## Source data
==========

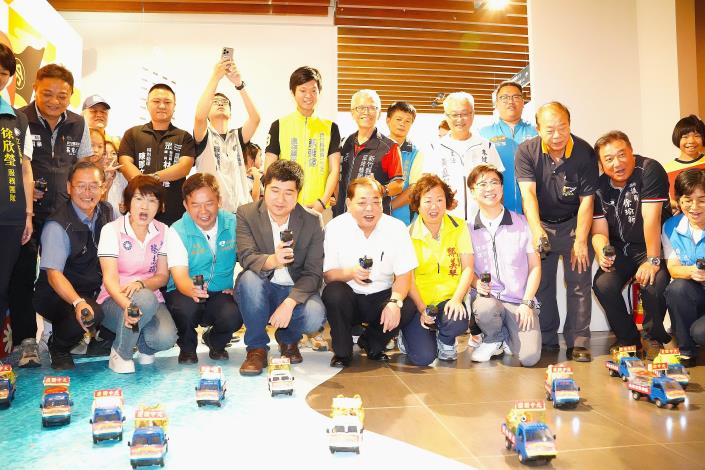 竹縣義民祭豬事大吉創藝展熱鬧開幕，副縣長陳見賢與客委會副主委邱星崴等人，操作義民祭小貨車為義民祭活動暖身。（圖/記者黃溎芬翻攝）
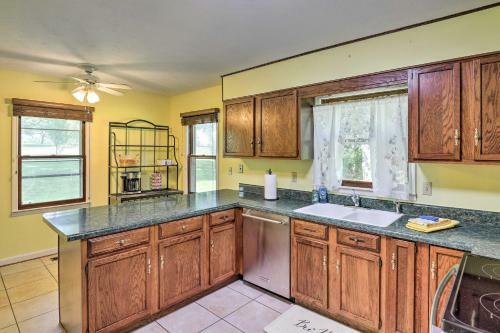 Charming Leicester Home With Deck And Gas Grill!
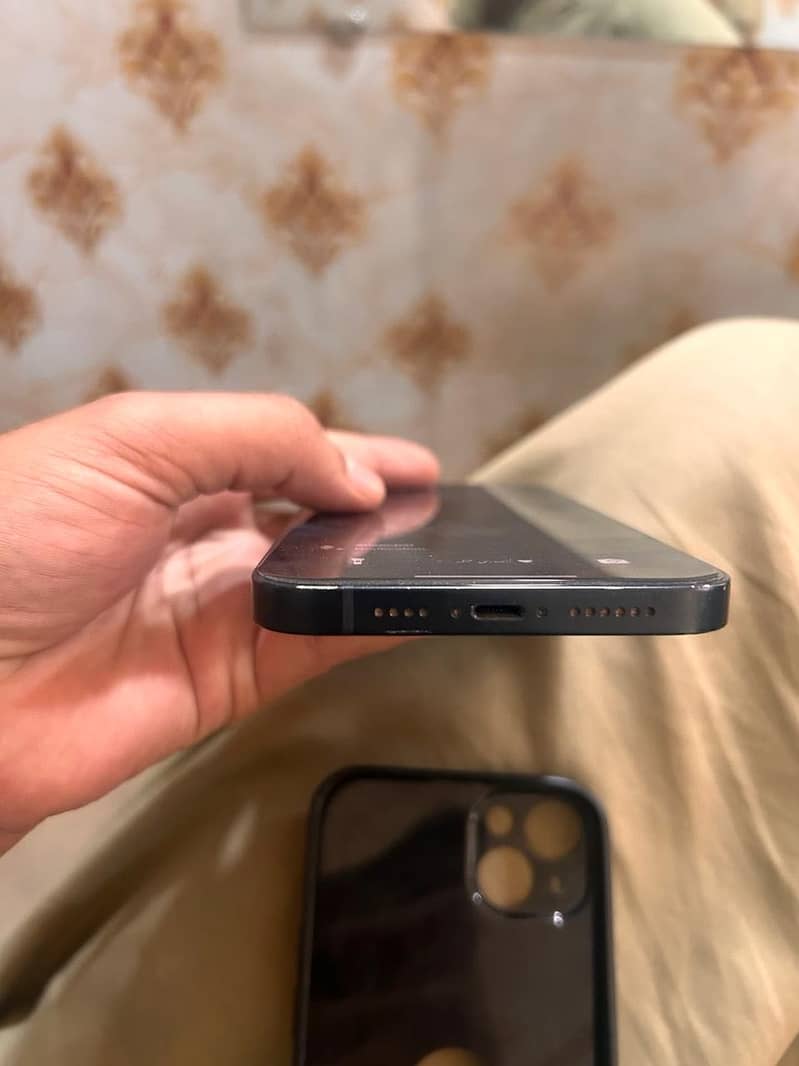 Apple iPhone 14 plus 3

==========

## Work to complete
Give back each line above verbatim, dropping every picture.

## Problem solution
 竹縣義民祭豬事大吉創藝展熱鬧開幕，副縣長陳見賢與客委會副主委邱星崴等人，操作義民祭小貨車為義民祭活動暖身。（圖/記者黃溎芬翻攝）
 Charming Leicester Home With Deck And Gas Grill!
 Apple iPhone 14 plus 3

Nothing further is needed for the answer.